Are you Sure You Don’t Having a Controlling Personality? – Beware it might be robbing you with many wonderful gifts
Do you feel betrayed when others don’t do what you want? Do you wrestle with trusting people? Have a history of combative relationships? If you answered yes, it’s possible you have a controlling personality and you may be losing a lot of beautiful aspects of your relationships.
Psychologist Shivani Misri Sadhoo today shares what a controlling personality means and how it works and how it impacts your relationship health.
Counsellor Shivani shares that if you wish to control others is driven by high levels of internal anxiety. Rather than addressing those deep-seated fears at their source, controlling people project them onto their relationships, generating emotional pandemonium and instability by making others responsible for their discomfort.
Controlling personality often reasons to themselves that if they can control they partner, it will make their relationship more secure. They think it will prevent their partner from leaving them or cheating on them with someone else. This is faulty thinking.
The problem is that controlling behaviour destroys a relationship in all ways which the controller probably never envisions. Here are 3 hidden ways a relationship is slowly eroded by controlling the behaviour of a partner.
1. Control Involves Criticism: with the tendency to control comes the tendency to criticise others for things that are not happening as your own standards or expectations. And nothing kills intimacy in a relationship quicker than criticism. Most relationship counsellors across the world put criticism amongst partners as no 1 destroyer of relationship.
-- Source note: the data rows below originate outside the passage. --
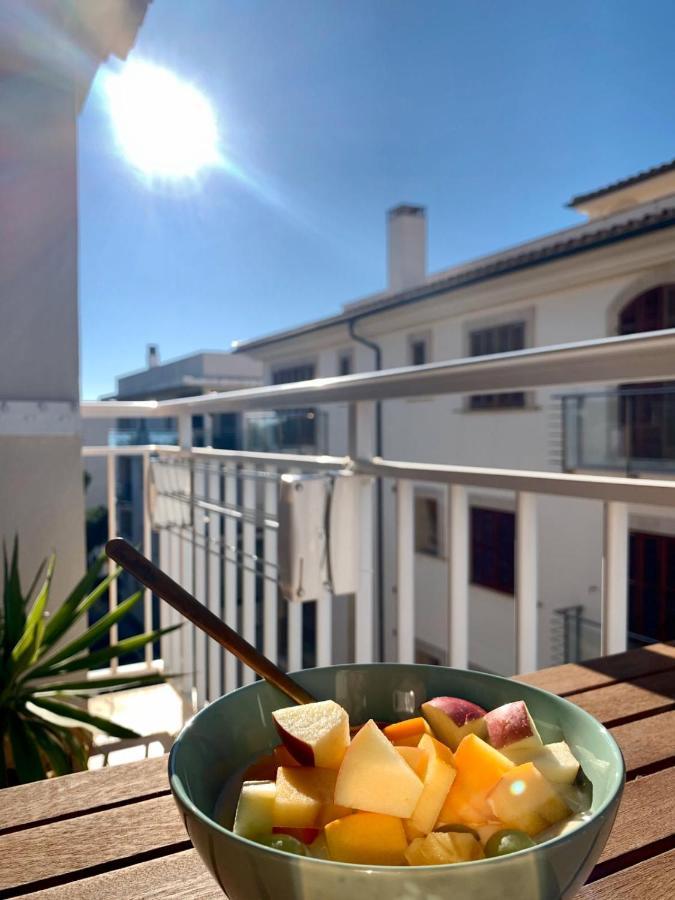 Sonne&Meerblick aus 40 Grad heißem Whirlpool genießen - Zentral am Hafen und dennoch ruhig Cala Ratjada  Exterior foto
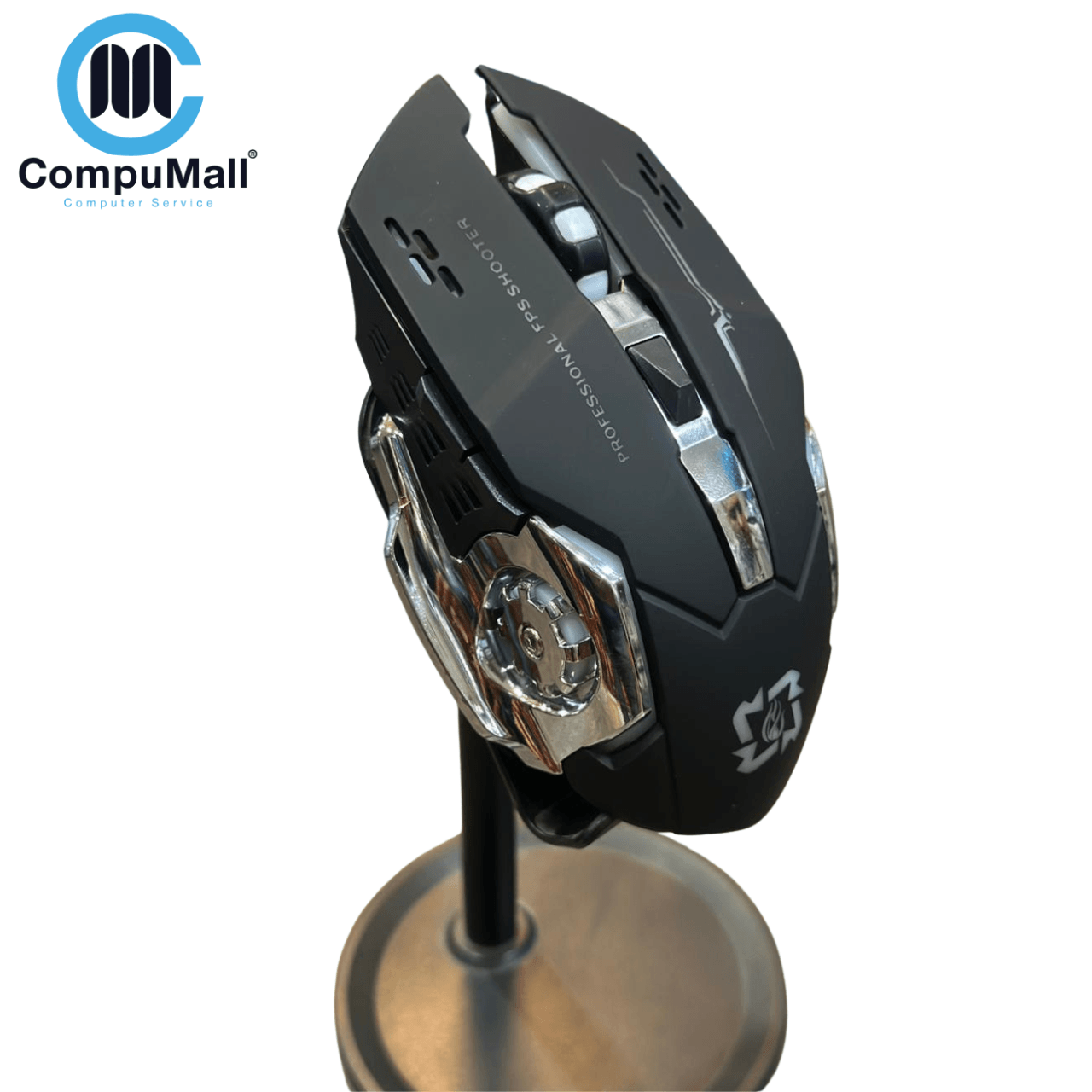 ماوس MOUSE GAMING RGB WILS – BLOUTOOTH
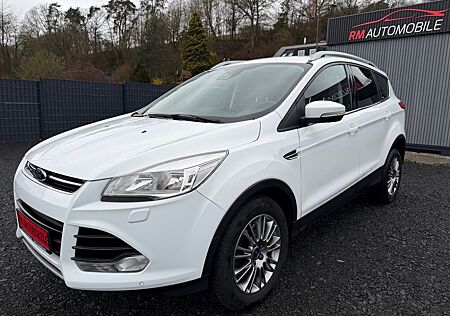 Ford Kuga Titanium 4X4/NAVI/AHK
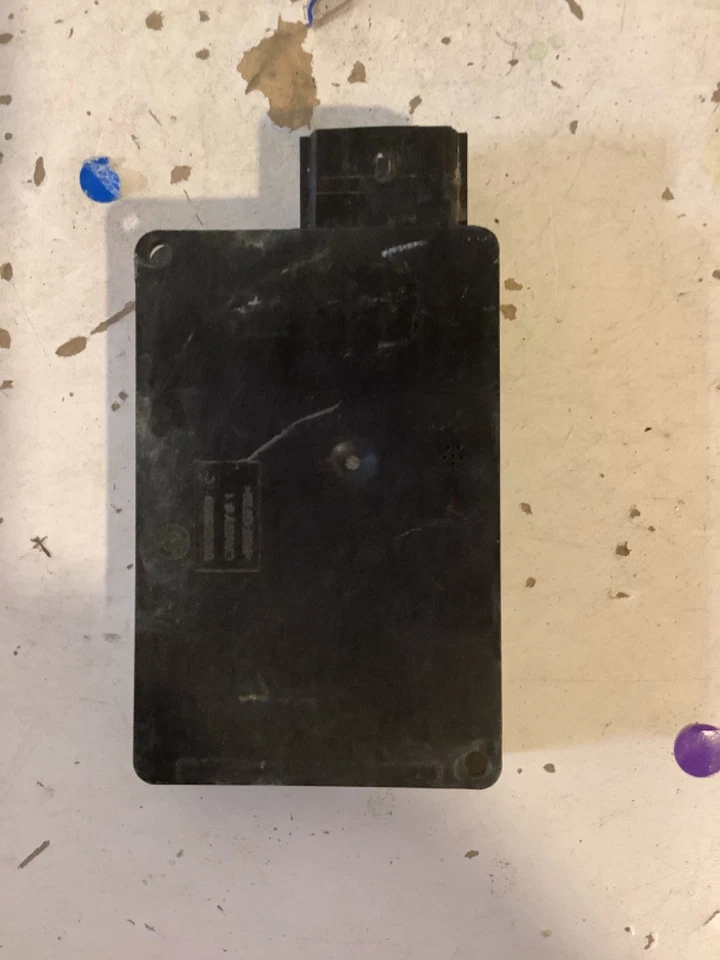 2015-2019 CADILLAC ESCALADE ATS CTS SRX XTS REAR BLIND SPOT MODULE OEM A13-20188 - Image 2 of 3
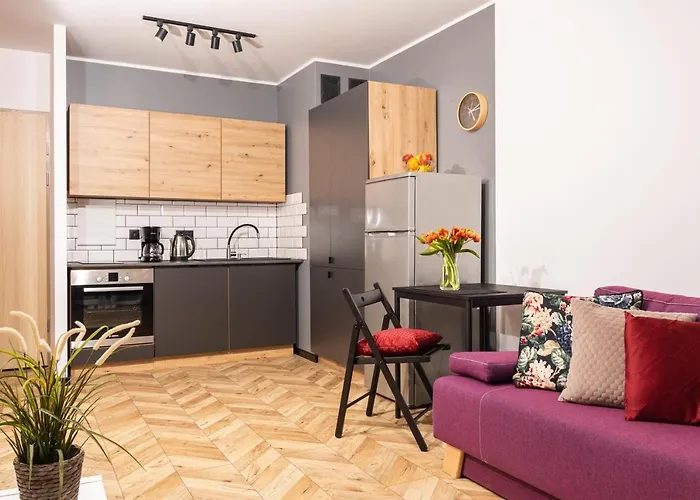 Goma Rent Nadmorskie Tarasy Z Widokiem Na Morze Apartment Gdynia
Remember Criticism is a terrible way to get a positive behaviour change in a person. Any short-term gain will offset by a slow build-up of resentment.
2. Build-Up Of Resentment: No matter how easy going or supplicating the other person in a relationship might be, if he or she is constantly being bossed around by their partner, they will slowly but surely build up resentment towards them. Simmering resentment also destroys relationships especially close into intimate ones.
So while the controller might feel secure if they are controlling their partner, they are often actually shooting themselves in the foot without realising and it actually weakens the relationship.
3. Annihilation of Respect: If someone is controlling you, it’s difficult for you to have respect for that person. Likewise, if someone is easily controllable, it is difficult for them to respect the person. Respect is the key to a relationship. If one partner (or both) do not respect the other, the relationship will struggle to survive.